Fui apanhada de surpresa por uma voz grave atrás de mim:

  — Ele vai perceber, a menos que seja idiota, além de parvo.

— Desculpe? — Virei-me, deparando-me com um homem encostado à parede, de olhos postos no telefone, a enviar uma mensagem.

Continuou, de cabeça baixa:

  — Essa do telefonema de emergência... já tem barbas. No mínimo, devia esforçar-se um pouco mais. Este restaurante tem uma lista de espera de dois meses para conseguir uma reserva, e não é nada barato, querida.

  — Ele é que se devia esforçar um pouco mais, não? O casaco desportivo que traz vestido tem um buraco enorme debaixo do braço. Além disso, passou a noite inteira a falar da mãe.

—Já pensou que poderá estar nervoso com a sua postura pretensiosa?

Quase me saltaram os olhos das orbitas.

  — Prestensioso é ouvir a minha chamada e decidir dar opiniões inoportunas de olhos pregados no telefone. Nem sequer se digna a olhar para mim enquanto fala.

O parvalhão parou de digitar a mensagem. Levantou a cabeça e percorreu-me indolentemente com o olhar, desde os tornozelos passando pelas minhas pernas nuas, demorando na bainha da minha saia, seguindo para as ancas, detendo-se brevemente nos seios, até finalmente me encarar.

  — Exatamente. Olhe cá para cima. Estes são os meus olhos.

Ele afastou-se da parede e endireitou-se. O único foco de luz no corredor projetou-se nele, iluminando-lhe o rosto, e eu consegui vê-lo claramente pela primeira vez.

A sério! Não era o que eu esperava. Com aquela voz grave e rouca, e aquela postura, imaginei um tipo mais velho, enfiado num daqueles fatos convencionais, mas o homem era lindo. Lindo e jovem. Estava todo vestido de preto e, embora a indumetária fosse simples e elegante, havia nele algo especial. O cabelo desalinhado, castanho alourado, dava-lhe aquele ar sensual de quem se está nas tintas para tudo, mas ainda assim parecia perfeito. Tinha umas feições marcadamente masculinas: um queixo quadrado, barba de um dia a cobrir-lhe a pele ligeiramente bronzeada, um nariz direito e uns grandes olhos verdes e sensuais.
Olhos esses que me observam agora, atentamente.

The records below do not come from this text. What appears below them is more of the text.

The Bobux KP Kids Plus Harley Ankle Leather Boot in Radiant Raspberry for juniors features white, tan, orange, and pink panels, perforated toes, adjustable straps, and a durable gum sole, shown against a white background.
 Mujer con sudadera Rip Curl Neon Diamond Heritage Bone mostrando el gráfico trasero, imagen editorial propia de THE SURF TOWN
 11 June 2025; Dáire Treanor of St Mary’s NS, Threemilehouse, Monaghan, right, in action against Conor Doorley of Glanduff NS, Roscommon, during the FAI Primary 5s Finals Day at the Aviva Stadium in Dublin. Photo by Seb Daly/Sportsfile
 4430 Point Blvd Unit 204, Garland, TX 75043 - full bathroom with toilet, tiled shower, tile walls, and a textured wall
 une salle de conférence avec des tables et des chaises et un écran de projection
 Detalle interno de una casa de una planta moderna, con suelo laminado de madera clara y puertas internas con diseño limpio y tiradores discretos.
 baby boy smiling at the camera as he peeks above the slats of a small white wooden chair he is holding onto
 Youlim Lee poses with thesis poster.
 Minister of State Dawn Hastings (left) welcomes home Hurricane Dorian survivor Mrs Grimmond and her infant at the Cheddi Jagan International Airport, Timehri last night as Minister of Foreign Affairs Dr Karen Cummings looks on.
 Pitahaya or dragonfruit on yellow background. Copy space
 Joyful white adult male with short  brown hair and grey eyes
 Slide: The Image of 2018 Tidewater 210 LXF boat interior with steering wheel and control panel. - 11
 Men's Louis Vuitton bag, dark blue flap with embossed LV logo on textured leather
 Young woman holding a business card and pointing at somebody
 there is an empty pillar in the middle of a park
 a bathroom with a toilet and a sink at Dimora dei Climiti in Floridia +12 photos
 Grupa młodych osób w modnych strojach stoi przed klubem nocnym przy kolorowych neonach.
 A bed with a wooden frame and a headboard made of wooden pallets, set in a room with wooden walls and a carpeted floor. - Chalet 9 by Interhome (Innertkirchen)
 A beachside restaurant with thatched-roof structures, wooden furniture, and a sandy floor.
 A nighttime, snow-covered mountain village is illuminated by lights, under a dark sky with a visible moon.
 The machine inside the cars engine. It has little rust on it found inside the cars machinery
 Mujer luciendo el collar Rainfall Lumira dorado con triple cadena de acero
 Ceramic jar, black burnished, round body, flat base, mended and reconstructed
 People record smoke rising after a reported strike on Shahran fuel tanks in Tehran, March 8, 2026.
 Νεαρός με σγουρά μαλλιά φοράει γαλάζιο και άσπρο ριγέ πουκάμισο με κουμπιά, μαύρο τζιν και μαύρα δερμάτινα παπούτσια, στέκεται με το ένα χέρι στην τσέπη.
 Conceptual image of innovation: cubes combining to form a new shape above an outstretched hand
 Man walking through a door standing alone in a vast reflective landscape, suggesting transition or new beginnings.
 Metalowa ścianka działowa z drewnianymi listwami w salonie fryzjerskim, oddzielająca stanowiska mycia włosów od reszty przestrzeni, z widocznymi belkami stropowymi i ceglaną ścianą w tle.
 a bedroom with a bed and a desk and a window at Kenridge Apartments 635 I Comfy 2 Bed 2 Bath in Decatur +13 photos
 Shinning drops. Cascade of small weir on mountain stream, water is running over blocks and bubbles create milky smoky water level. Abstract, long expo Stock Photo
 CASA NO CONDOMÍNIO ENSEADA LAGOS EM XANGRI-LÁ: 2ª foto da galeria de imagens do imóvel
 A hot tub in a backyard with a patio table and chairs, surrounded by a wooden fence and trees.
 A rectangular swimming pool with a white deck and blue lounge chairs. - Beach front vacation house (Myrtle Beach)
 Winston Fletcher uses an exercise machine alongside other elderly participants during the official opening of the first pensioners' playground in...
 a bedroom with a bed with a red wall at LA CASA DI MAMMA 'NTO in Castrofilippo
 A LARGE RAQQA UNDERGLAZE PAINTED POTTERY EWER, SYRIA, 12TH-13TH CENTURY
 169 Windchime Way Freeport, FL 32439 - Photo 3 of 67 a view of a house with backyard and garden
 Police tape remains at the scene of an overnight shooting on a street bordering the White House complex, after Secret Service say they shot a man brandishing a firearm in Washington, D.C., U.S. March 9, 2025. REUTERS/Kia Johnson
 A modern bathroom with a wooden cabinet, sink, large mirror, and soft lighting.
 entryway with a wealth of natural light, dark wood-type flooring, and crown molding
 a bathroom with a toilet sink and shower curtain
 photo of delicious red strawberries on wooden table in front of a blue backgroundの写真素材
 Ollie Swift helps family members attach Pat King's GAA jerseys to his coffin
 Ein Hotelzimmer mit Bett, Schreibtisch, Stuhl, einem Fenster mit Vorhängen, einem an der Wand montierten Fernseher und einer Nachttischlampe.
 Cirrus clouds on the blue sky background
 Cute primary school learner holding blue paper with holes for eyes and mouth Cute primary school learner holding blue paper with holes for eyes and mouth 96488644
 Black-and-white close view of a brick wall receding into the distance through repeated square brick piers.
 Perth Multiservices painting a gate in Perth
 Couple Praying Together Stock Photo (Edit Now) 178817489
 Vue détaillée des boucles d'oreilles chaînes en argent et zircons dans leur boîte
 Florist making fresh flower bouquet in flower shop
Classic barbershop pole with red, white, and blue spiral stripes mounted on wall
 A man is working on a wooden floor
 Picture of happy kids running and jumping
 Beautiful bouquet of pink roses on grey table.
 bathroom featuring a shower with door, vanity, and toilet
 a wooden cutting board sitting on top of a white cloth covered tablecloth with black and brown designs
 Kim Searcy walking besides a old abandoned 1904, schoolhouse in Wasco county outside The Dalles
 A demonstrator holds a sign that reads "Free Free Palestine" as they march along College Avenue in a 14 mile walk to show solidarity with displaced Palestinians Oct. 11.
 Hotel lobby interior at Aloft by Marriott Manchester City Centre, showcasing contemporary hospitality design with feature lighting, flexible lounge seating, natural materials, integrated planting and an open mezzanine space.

— Quer ver se eu tenho algum rasgão, antes de decidir se mereço que fale comigo?

Lindo era, de facto, mas, decididamente, um imbecil.

  — não é necessário, a sua atitude já me diz tudo. Não merece.

Ele baixou os braços e riu-se baixinho.

— Como queira. Tente desfrutar do resto da noite, querida.

Eu bufei, mas lancei um ultimo olhar àquele belo imbecil, antes de voltar para a minha mesa.

Quando me sentei, o Filipe estava de mãos entrelaçadas sobre a mesa.

  — Desculpa — disse-lhe. —  Havia fila enorme para a casa de banho.